Ascendió los peldaños, curioso y aprensivo, hasta la última plataforma de la torre. Y allí, mordido entre las cremalleras circulares del artilugio, yacía, exánime…
… un jirón de… «¡¿Piel…?!», brillante pan de oro[3] sobre cuya superficie, grande y oblonga como una tajada, huía una eterna proyección de imágenes: personas, espacios, texturas, animales, planetas…
«¡¿Un desgarro… cronológico?! ¿Algo así como un pellizco de la curva espacio-temporal en el reloj de la Puerta del Sol, uno de sus medidores? ¿Eso es posible? Lástima que Einstein no esté aquí para preguntárselo. Aunque, si estuviera,… ¡Sería otra figurita del espantoso belén!».
Buscó a su alrededor, «Si sangrara…», la supuesta herida temporal.
Tocó el fino pellejo: «¡Ay! Está caliente… ¡El tiempo quema! ¡¿Y ahora…?! ¿Debo suturarlo en su orden, en su milésima desollada, para que la vida siga fluyendo?».

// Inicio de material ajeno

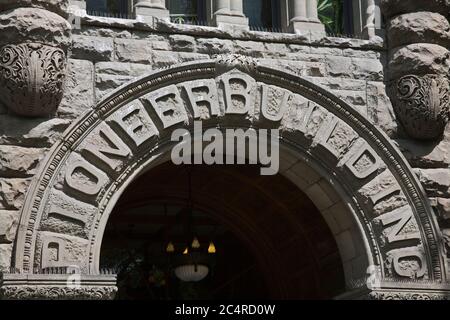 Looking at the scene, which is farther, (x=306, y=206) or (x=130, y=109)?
(x=306, y=206)

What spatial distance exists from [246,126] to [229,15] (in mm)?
1021

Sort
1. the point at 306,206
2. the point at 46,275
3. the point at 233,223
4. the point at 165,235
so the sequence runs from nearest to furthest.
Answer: the point at 46,275
the point at 306,206
the point at 233,223
the point at 165,235

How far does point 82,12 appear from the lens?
28.8 feet

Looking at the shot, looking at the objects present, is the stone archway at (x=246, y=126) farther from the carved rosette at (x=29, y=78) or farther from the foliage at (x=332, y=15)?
the foliage at (x=332, y=15)

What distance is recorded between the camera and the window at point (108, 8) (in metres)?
9.20

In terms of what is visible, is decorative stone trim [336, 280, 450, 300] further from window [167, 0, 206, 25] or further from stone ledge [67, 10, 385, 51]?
window [167, 0, 206, 25]

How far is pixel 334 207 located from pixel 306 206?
118 cm

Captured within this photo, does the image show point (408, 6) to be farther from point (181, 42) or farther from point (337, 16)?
point (181, 42)

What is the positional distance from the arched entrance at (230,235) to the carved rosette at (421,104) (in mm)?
1534

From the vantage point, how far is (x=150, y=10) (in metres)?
8.99

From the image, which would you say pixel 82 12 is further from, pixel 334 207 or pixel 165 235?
pixel 165 235

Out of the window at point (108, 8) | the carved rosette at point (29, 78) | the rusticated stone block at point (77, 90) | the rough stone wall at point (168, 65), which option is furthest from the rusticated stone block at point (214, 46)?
the carved rosette at point (29, 78)

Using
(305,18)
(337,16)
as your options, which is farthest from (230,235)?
(305,18) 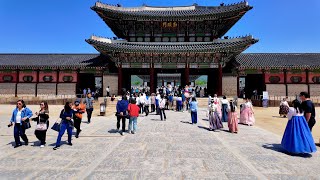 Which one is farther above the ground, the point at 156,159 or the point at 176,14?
the point at 176,14

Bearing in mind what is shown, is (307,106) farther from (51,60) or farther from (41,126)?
(51,60)

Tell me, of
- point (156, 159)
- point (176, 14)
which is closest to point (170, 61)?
point (176, 14)

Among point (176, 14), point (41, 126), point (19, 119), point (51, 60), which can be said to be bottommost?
point (41, 126)

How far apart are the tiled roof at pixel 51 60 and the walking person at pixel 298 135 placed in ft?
75.2

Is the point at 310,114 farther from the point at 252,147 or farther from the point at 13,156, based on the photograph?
the point at 13,156

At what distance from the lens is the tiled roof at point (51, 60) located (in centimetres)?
2667

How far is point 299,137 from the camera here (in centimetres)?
627

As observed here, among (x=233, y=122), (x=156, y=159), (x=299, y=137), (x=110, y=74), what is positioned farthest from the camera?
(x=110, y=74)

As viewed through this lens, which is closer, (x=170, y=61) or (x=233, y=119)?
(x=233, y=119)

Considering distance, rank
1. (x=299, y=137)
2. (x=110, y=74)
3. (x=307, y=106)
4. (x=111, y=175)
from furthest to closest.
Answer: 1. (x=110, y=74)
2. (x=307, y=106)
3. (x=299, y=137)
4. (x=111, y=175)

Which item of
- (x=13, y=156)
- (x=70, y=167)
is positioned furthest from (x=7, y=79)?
(x=70, y=167)

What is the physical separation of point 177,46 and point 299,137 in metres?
19.9

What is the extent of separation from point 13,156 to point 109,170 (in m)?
3.05

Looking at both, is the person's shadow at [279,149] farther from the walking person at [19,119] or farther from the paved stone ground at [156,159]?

Estudió el mecanismo de relojería. «¡En algún sitio debe tener…!». Reparó en un fuste sobresaliente en el lateral más próximo, en la ondulación de una empuñadura.

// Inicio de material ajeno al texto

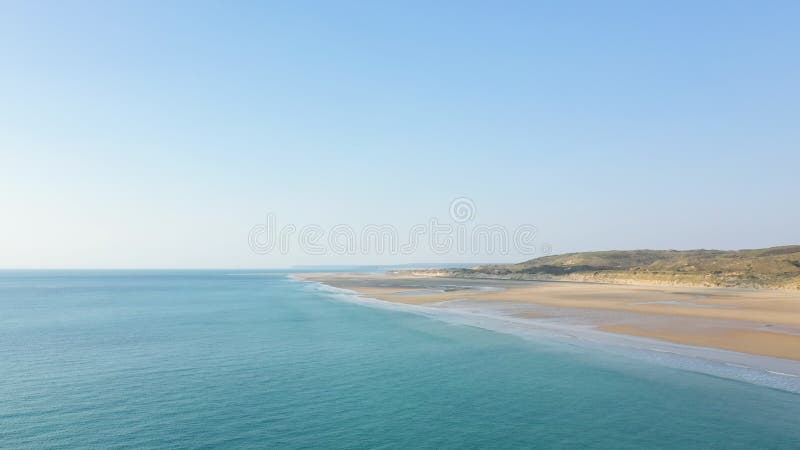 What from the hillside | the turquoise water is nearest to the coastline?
the turquoise water

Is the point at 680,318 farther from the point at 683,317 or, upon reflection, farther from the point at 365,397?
the point at 365,397

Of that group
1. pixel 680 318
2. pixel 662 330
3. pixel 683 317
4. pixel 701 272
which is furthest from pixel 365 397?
pixel 701 272

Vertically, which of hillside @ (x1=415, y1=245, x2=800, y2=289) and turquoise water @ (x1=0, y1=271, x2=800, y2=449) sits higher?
hillside @ (x1=415, y1=245, x2=800, y2=289)

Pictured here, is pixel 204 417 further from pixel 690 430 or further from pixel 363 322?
pixel 363 322

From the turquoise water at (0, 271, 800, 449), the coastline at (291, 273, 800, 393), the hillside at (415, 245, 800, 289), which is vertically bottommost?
the turquoise water at (0, 271, 800, 449)

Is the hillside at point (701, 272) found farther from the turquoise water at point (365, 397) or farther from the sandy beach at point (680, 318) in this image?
the turquoise water at point (365, 397)

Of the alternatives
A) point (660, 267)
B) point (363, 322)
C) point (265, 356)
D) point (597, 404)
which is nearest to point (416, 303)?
point (363, 322)

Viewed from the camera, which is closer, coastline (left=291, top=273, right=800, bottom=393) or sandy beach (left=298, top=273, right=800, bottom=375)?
coastline (left=291, top=273, right=800, bottom=393)

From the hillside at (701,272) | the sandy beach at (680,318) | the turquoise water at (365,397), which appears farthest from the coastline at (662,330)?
the hillside at (701,272)

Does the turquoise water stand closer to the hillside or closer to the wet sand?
the wet sand

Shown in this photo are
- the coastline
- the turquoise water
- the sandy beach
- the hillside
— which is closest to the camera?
the turquoise water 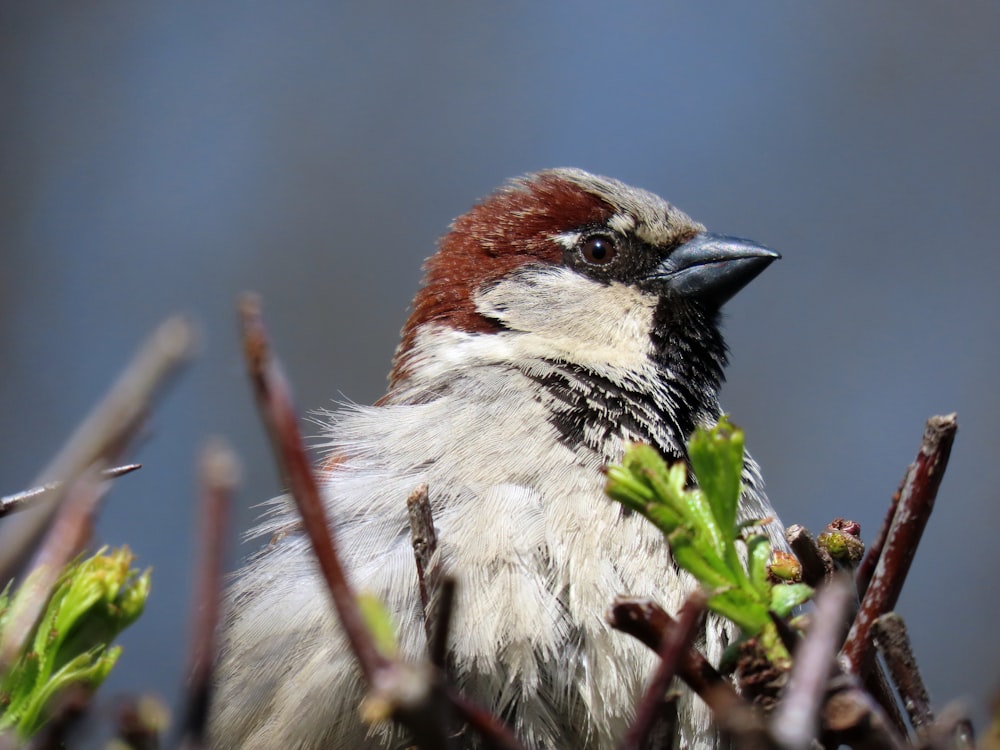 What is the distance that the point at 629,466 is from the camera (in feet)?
3.14

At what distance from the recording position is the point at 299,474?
0.58 meters

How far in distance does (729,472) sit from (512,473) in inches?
43.9

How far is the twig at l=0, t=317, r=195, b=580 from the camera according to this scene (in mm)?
694

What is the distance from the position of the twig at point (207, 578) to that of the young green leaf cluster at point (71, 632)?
1.44 feet

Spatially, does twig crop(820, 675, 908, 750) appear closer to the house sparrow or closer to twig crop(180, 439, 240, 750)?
twig crop(180, 439, 240, 750)

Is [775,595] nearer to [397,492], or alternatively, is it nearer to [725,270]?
[397,492]

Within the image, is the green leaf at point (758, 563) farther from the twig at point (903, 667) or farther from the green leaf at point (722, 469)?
the twig at point (903, 667)

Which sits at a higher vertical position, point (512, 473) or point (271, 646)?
point (512, 473)

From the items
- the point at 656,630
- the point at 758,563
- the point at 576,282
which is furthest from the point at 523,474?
the point at 656,630

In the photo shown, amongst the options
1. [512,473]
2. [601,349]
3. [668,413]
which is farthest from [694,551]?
[601,349]

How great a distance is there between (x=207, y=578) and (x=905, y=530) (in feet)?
1.79

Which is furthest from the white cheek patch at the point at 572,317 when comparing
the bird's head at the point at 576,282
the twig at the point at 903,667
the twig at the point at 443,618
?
the twig at the point at 443,618

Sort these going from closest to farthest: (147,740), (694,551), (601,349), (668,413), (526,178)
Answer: (147,740), (694,551), (668,413), (601,349), (526,178)

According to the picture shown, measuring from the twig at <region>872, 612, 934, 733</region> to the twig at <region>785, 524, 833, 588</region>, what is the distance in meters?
0.20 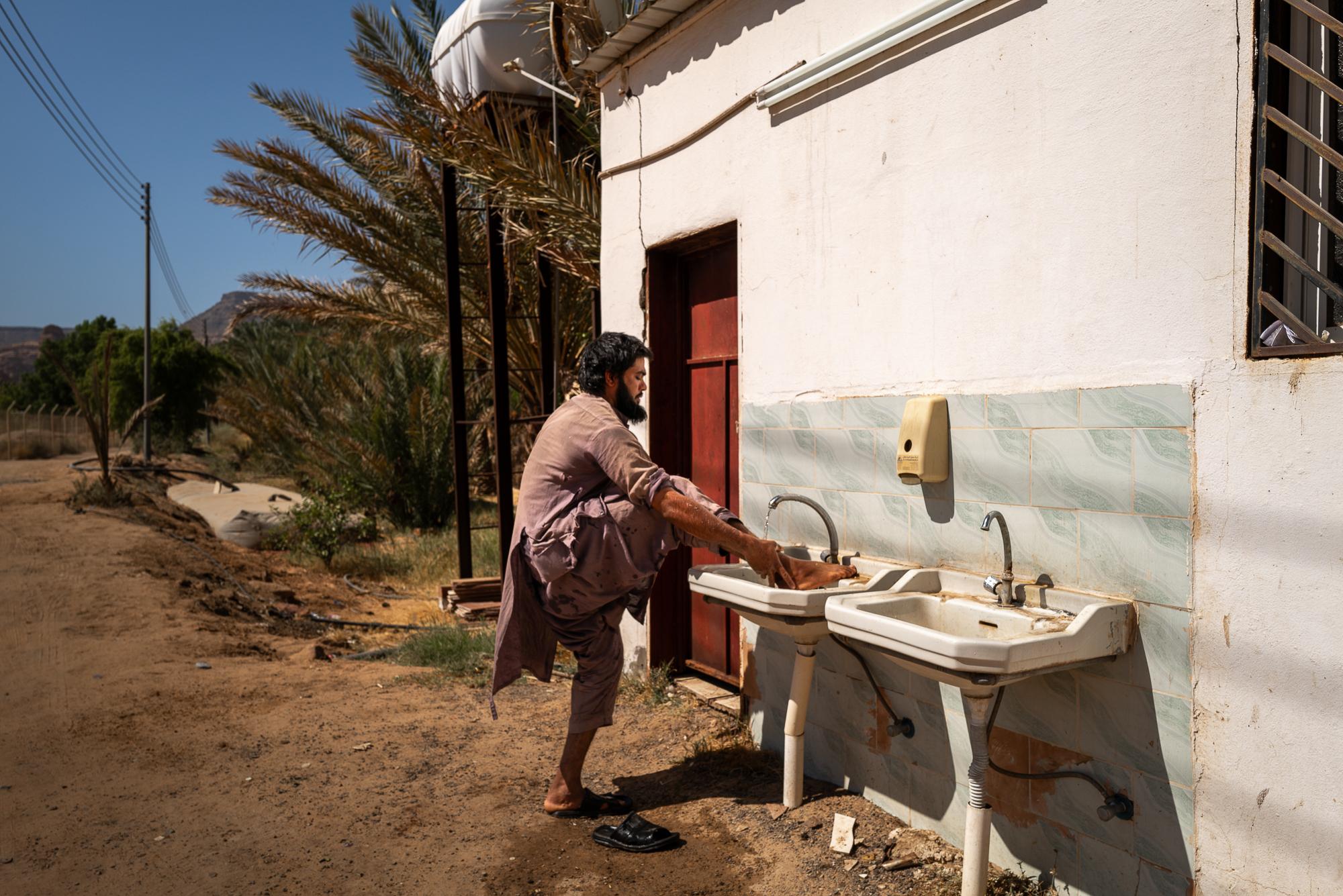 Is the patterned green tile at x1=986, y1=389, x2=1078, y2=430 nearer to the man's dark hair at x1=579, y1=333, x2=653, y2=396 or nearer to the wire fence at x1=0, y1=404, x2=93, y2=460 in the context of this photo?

Se encogió de hombros, «¿Qué puede pasar? ¡O funciona o no funciona!», y…
El conjunto traqueteó durante unos segundos liberando, de repente, el estorbo que lo detenía. Así, la piel y su eterna cadena gráfica de espacio-tiempos cayeron disolviéndose, aún en el aire, con un suspiro de humo.
–¡NO!
Carlos corrió, «¡Ay, ay, ay…!», escaleras abajo.
Con la incertidumbre en la garganta, y ya en el vestíbulo, salió: los miles de personas allí reunidos, algarabía tiesa, para celebrar la llegada del nuevo año… «¡¿DÓNDE ESTÁN?!».
Borrados casi todos, alguien yacía al pie de la fuente.
«¡¿Lucas…?!», dudó.
Fue, corrió, hacia él.
–¡¡Lucas!!
Lo zarandeó, «¡Despierta! ¡Despierta!», consiguiendo reanimarlo:
–¡¿Estás bien?!
–S, sí… Solo… solo echaba un sueño: empalmar la fiesta de Nochebuena con la de Nochevieja es mucha fiesta incluso para mí… ¿Dieron ya las campanadas? ¿Y… y la gente? ¡¿Dónde está todo el mundo?!
–¡No lo sé, tío! Es cosa del tiempo…
–¿El tiempo? ¿Va a llover?
[1] 11:59.
[2] Click. Frank Coraci. 2006.
[3] Lámina muy fina de oro batido usada tradicionalmente en decoración.